The jarring, even terrible, power of naming appears to recall this initial power of the name to inaugurate and sustain linguistic existence, to confer singularity in location and time. After having received the proper name, one is subject to being named again. In this sense, the vulnerability to being named constitutes a constant condition of the speaking subject. And what if one were to compile all the names that one has ever been called? Would they not present a quandary for identity? Would some of them cancel the effect of others? Would one find oneself fundamentally dependent upon a competing array of names to derive a sense of oneself? Would one find oneself alienated from elsewhere? Thus, as Benveniste has shown, the very conditions of the possibility for becoming an “I” in language remain indifferent to the “I” that one becomes. The more one seeks oneself in language, the more one loses oneself precisely there where one is sought. (29-30)

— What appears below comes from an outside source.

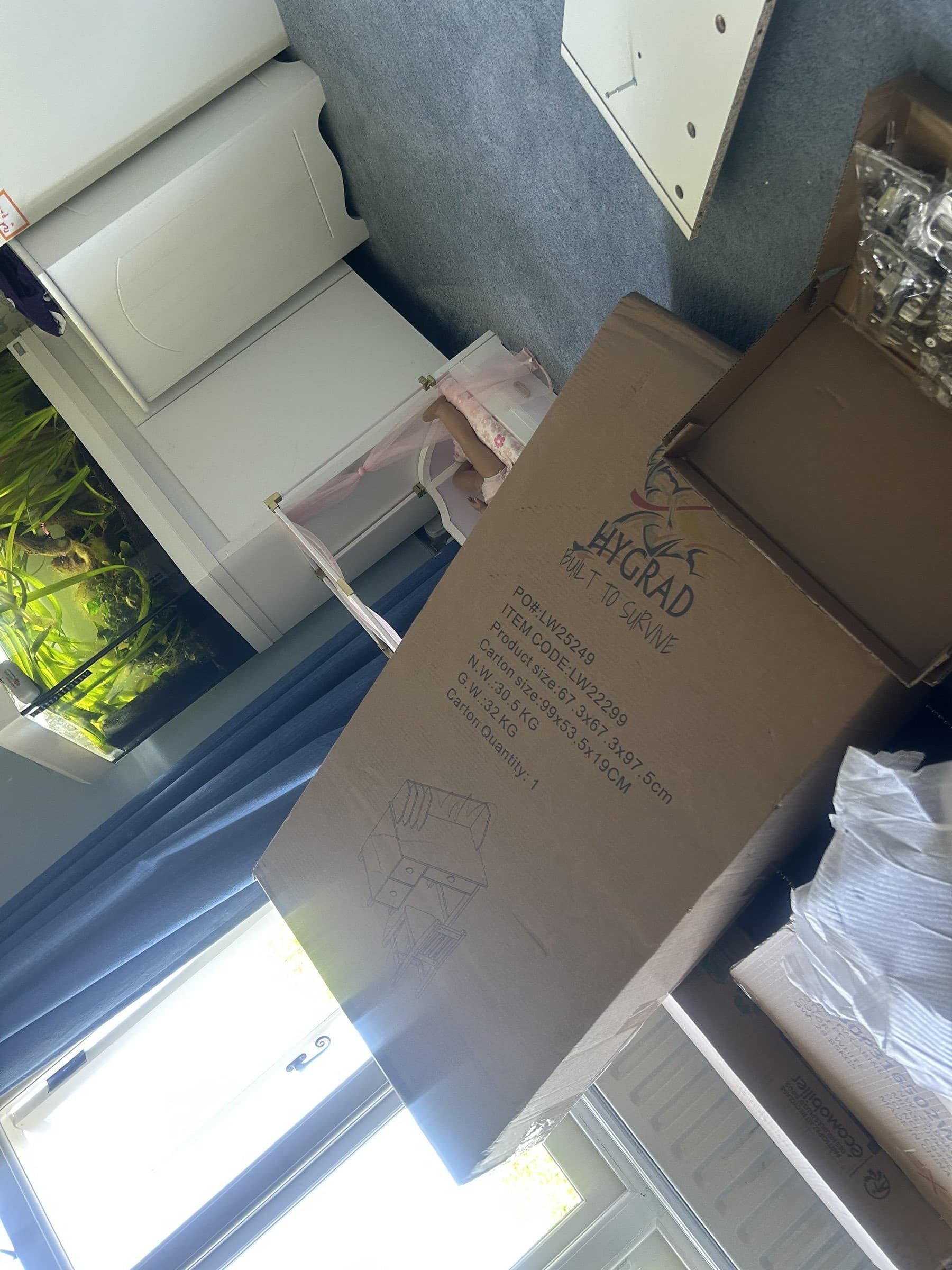 Flat-pack TV cabinet box ready for assembly in a child's bedroom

Butler, Judith. Excitable Speech: A Politics of Performance. New York: Routledge, 1997.
hmmm… Michael, baby, boy, child, man, fag, homo, girl, man, woman, faggot, gay, fairy, queer… Conflicting terms…

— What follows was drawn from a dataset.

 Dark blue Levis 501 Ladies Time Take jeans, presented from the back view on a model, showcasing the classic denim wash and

On another note, I wish I had read this book when I was an undergraduate. I took an independent study on fantasy literature (Tolkien, Lewis, Rowling, and a few others) and had great conversations with my professor over names and slurs in Harry Potter, but both of us lacked any knowledge of the power of naming and slurring at that time. This would have been useful then.
Interesting post. Does Butler go on to talk about the differences between internalizing “names” and rejecting them? That is, is my being Joanna dependent on what others have called me, or is it based on what I know about myself, that is, am I truly lazy or do I have depression-related fatigue? Or is Butler more concerned about the way that external sources name us and that then becomes the label by which everyone knows us?

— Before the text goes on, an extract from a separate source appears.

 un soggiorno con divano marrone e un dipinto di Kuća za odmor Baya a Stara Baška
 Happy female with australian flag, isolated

Butler is working with J.L. Austin’s term perlocutionary speech act and Althusser’s term interpellation. The process of naming is actually the process of doing something: giving someone an identity, or interpellating them as a subject. Butler does understand that there are failed speech acts (those speech acts which do not fulfill their effects) and interpellation only works when someone identifies (at least somewhat) with the naming. So, yes, Butler isn’t a determinist; she seems to fully understand that the process of naming doesn’t always work to create someone’s subjectivity.